The completion rate in P2P transactions refers to the percentage of trades that are successfully executed without any issues or disputes between the parties involved. A high completion rate signifies a smooth and reliable trading experience on the P2P marketplace, showcasing the effectiveness of the system in connecting buyers and sellers seamlessly. On the other hand, a low completion rate may indicate potential issues such as payment delays, communication challenges, or disputes that could disrupt the trading process and lead to unsatisfactory outcomes for users.

Why should I keep my completion rate high?
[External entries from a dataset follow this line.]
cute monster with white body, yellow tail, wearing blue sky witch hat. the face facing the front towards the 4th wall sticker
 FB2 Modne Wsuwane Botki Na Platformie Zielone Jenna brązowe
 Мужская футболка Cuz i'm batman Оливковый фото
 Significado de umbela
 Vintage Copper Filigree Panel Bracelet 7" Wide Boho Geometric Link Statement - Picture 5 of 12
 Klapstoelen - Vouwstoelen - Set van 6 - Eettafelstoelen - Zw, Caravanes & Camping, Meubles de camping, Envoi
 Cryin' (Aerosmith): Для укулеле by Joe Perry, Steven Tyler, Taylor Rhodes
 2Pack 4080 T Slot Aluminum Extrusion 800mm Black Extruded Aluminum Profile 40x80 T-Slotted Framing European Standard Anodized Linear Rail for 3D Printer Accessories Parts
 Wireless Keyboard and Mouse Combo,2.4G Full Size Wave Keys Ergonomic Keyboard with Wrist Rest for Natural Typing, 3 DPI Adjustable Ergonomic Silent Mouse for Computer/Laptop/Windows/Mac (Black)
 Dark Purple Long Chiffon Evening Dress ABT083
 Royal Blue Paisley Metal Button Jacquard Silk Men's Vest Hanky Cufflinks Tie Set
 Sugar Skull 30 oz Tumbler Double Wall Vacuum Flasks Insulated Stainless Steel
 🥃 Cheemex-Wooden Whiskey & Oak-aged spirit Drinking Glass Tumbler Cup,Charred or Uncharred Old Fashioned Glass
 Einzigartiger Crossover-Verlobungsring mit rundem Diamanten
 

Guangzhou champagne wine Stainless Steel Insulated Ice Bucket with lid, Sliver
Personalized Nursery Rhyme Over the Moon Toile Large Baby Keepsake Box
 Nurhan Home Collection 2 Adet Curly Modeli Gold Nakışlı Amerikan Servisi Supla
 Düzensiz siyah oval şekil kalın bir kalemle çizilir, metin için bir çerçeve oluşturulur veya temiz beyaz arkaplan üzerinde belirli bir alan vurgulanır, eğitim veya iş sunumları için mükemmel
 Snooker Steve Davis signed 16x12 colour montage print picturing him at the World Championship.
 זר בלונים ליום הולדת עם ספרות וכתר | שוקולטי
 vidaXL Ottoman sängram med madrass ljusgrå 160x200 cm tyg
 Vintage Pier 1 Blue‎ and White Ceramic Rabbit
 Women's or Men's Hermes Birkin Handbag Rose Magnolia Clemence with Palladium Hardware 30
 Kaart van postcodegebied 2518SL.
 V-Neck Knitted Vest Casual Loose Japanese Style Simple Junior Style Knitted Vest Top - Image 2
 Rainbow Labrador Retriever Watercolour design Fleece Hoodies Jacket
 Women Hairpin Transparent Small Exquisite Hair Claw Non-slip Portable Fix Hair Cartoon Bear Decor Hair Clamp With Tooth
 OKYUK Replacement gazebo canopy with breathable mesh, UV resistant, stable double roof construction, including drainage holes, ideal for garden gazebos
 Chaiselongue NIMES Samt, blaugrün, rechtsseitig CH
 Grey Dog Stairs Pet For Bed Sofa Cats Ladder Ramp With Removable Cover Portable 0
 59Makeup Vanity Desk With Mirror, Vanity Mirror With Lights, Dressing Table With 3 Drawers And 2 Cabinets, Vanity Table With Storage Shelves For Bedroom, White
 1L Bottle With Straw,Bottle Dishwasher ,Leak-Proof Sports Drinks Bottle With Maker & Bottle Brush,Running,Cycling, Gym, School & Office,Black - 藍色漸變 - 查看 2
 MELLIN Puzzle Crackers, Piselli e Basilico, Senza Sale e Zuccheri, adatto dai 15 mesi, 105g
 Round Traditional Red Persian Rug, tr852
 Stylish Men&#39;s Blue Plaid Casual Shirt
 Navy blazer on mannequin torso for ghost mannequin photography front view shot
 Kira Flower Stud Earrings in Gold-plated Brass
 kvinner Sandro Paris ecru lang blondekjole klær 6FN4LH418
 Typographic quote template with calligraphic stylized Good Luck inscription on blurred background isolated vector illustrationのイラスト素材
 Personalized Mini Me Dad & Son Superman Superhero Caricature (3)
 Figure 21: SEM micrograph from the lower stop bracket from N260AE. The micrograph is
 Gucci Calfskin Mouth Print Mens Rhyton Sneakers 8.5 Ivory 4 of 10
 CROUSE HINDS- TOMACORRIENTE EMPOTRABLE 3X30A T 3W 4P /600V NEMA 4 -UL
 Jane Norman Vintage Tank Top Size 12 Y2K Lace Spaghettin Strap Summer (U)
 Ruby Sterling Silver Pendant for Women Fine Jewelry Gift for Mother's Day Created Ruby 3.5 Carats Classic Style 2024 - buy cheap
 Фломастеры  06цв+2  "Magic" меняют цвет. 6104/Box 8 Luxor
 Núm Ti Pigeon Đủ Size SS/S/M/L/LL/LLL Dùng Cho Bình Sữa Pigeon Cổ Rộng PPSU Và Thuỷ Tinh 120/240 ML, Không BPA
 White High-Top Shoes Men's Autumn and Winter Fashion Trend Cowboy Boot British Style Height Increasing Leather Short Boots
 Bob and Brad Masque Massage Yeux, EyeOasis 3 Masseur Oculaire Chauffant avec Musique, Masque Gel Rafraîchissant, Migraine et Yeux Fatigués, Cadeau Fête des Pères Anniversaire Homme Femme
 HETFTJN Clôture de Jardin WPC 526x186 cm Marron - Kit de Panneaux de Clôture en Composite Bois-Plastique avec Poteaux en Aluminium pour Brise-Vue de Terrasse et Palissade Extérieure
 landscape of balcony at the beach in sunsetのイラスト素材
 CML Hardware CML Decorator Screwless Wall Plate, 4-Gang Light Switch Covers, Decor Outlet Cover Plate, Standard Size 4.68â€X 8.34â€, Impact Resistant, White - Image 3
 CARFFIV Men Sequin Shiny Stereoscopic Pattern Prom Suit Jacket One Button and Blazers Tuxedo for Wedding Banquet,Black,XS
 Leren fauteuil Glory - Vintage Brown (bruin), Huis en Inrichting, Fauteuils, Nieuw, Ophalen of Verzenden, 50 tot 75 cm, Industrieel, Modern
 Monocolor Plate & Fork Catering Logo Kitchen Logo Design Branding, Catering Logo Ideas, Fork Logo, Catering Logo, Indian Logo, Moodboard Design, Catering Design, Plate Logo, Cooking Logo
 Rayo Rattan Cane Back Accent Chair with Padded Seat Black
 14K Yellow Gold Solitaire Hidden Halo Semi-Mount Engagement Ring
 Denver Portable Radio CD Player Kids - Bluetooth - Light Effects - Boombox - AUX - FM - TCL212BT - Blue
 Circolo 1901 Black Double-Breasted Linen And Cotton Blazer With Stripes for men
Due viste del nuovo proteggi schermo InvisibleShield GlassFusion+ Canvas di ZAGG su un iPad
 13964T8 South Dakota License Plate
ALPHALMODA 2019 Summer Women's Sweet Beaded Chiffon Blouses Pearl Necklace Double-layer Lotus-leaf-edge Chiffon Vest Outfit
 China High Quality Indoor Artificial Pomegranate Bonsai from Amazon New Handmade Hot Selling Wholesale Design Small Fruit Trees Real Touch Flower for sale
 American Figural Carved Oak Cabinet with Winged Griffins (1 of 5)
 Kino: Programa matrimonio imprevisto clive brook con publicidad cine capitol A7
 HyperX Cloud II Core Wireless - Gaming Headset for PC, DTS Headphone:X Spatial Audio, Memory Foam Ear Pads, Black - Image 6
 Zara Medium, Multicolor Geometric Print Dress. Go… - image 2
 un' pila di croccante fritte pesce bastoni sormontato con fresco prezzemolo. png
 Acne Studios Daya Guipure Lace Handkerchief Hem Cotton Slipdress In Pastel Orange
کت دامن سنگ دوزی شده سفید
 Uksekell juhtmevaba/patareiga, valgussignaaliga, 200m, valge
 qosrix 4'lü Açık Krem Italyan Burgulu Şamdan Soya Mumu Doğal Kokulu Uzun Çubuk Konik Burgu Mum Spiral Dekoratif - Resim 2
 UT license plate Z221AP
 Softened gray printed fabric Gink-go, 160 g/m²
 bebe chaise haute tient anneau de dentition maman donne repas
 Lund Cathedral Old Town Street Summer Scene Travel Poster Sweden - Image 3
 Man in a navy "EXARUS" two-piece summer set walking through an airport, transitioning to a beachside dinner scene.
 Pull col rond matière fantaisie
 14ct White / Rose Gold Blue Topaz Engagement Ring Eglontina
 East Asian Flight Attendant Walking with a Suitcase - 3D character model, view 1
Maintaining a high completion rate is crucial for building trust and credibility within the P2P trading community. Platforms often implement measures such as secure escrow services, stringent verification processes, and responsive customer support to enhance the completion rate and ensure that transactions are completed successfully. By prioritizing user satisfaction, resolving disputes efficiently, and fostering a transparent trading environment, P2P platforms can boost their completion rates and establish themselves as trusted marketplaces for cryptocurrency transactions. Enhancing your completion rate can enhance the credibility of your merchant profile. A completion rate exceeding 80% is typically deemed favorable, serving as a key factor influencing customers' willingness to engage in transactions with you. To elevate your completion rate, consider screening your trading partners by establishing particular counterparty requirements. This approach guarantees interactions solely with seasoned traders who exhibit a higher tendency to conclude trades. Strive to strike a balance in setting these conditions; excessive stringency may inadvertently narrow down your pool of potential customers. While we support various payment methods, e-wallets are a popular choice in Southeast Asia for P2P trading, especially for smaller transactions. Here's why:

  • Convenience: e-wallets offer a quick and easy way to send and receive payments. Users can simply scan a QR code to complete the transaction. This is ideal for smaller P2P trades where speed and ease are important.

  • Faster availability: funds in e-wallets are typically readily available for use, unlike some traditional bank transfers that can take time to process. This allows P2P buyers to act quickly on trading opportunities.

However, it's important to consider the limitations of e-wallets for P2P trading:

  • Transaction limits: e-wallets often have lower sending and receiving limits compared to bank accounts. This can be a problem for merchants who deal with larger P2P transactions.

  • Cancellation risk: if a merchant isn't aware of their e-wallet's limits, they risk having P2P trades canceled due to insufficient funds for receiving cryptocurrency.

Learn more on how you can boost your completion rate here.

What should I as a P2P Merchant do?

  • Check limits regularly: be sure to check your e-wallet's sending and receiving limits frequently, especially if you deal with fluctuating trade volumes.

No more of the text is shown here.